*** Begin section ***

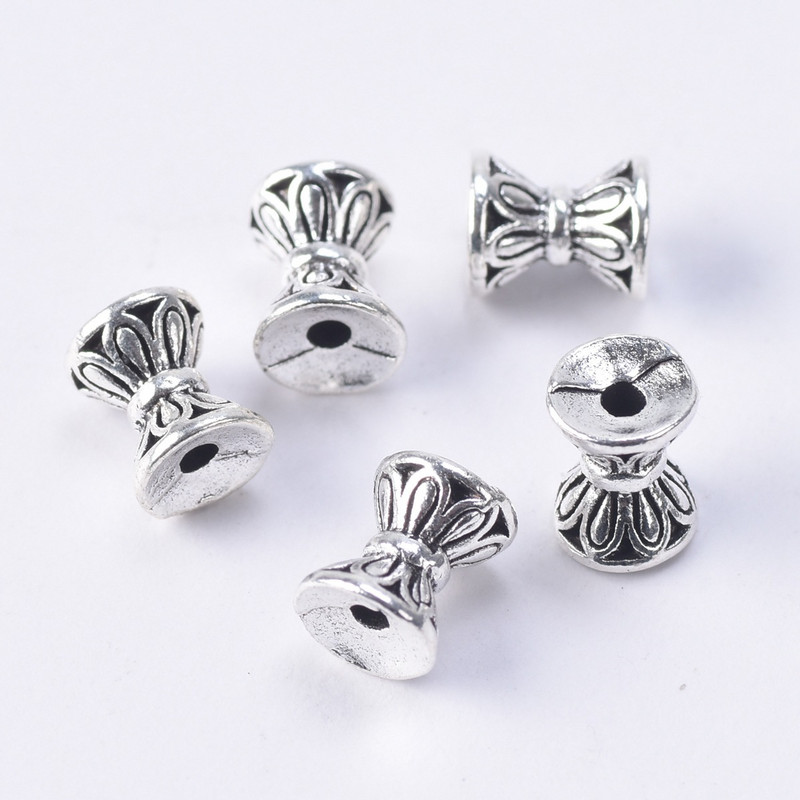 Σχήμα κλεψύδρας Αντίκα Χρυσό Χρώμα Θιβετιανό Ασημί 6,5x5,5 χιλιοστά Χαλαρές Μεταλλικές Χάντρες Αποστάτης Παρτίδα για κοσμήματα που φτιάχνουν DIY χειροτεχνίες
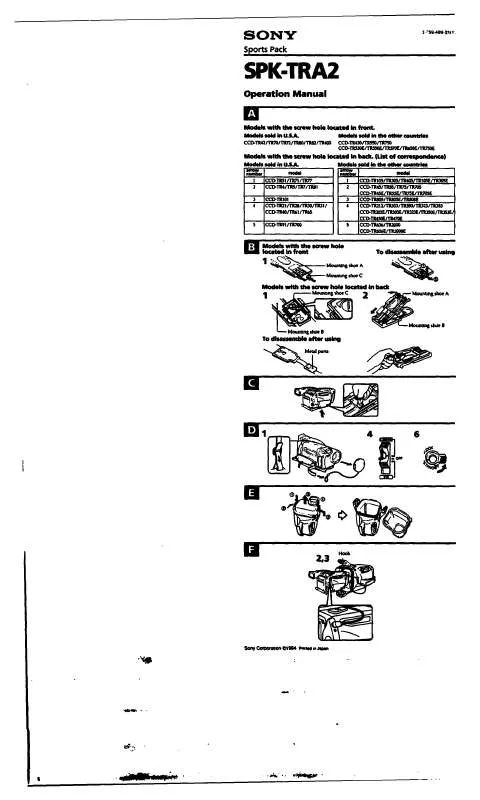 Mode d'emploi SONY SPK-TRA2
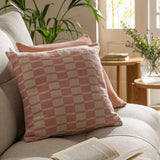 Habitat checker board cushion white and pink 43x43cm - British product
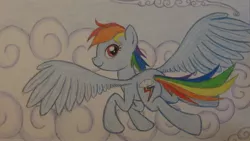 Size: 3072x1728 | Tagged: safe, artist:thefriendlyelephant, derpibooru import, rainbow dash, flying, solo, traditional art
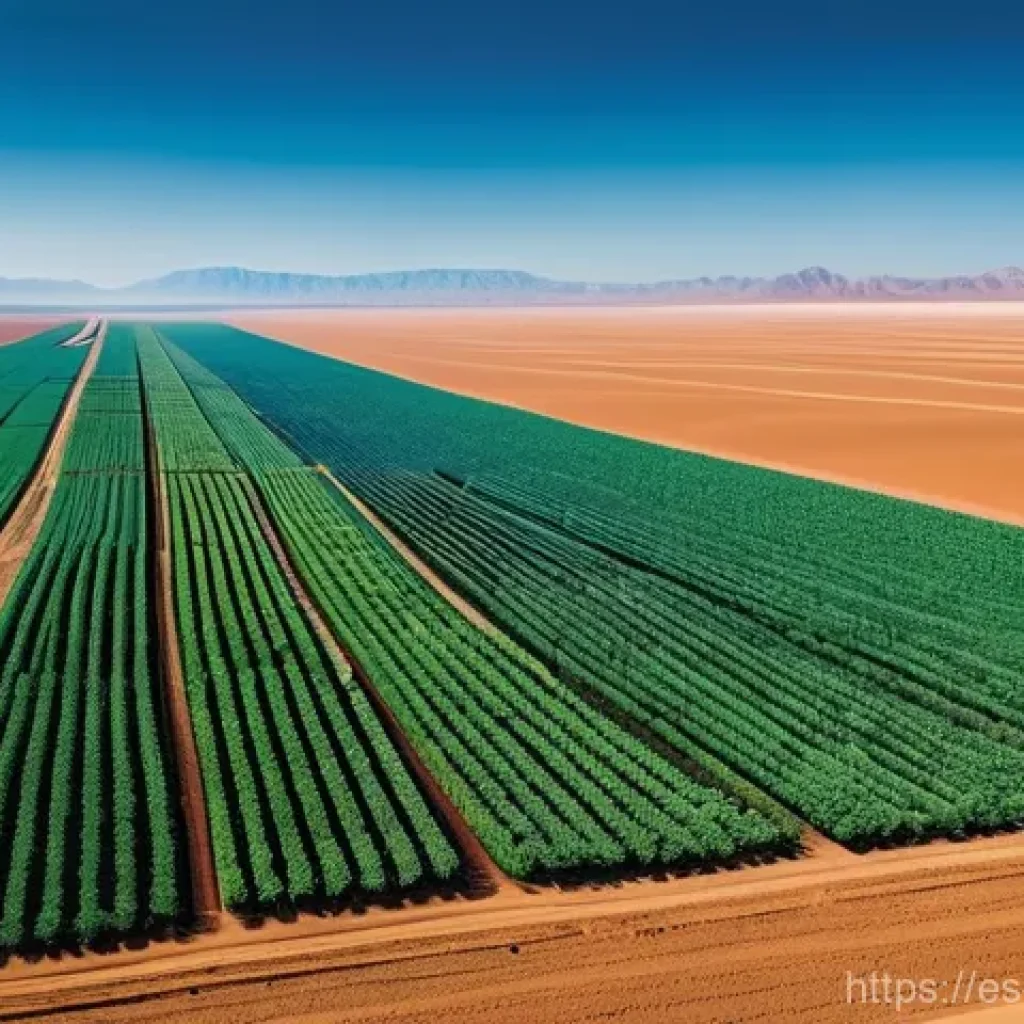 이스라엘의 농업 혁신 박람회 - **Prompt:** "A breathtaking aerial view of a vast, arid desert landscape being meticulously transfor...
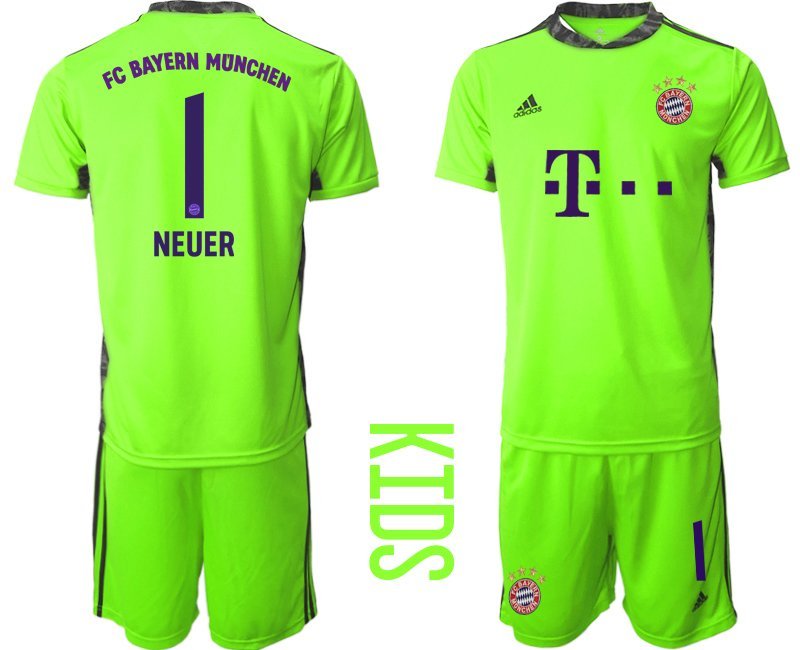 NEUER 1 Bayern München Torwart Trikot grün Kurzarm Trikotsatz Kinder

*** End section ***
*** Begin section ***

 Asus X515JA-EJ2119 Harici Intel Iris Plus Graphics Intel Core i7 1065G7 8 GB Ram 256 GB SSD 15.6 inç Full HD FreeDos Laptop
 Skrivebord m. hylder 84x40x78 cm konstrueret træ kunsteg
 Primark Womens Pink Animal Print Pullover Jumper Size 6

*** End section ***

(EXERCISE REQUIREMENTS): With pictures excluded, reproduce exactly the lines above from the one containing "Σχήμα κλεψύδρας Αντίκα" down to the one containing "NEUER 1 Bayern", those two included.

(ANSWER SECTION):
 Σχήμα κλεψύδρας Αντίκα Χρυσό Χρώμα Θιβετιανό Ασημί 6,5x5,5 χιλιοστά Χαλαρές Μεταλλικές Χάντρες Αποστάτης Παρτίδα για κοσμήματα που φτιάχνουν DIY χειροτεχνίες
 Mode d'emploi SONY SPK-TRA2
 Habitat checker board cushion white and pink 43x43cm - British product
 Size: 3072x1728 | Tagged: safe, artist:thefriendlyelephant, derpibooru import, rainbow dash, flying, solo, traditional art
 이스라엘의 농업 혁신 박람회 - **Prompt:** "A breathtaking aerial view of a vast, arid desert landscape being meticulously transfor...
 NEUER 1 Bayern München Torwart Trikot grün Kurzarm Trikotsatz Kinder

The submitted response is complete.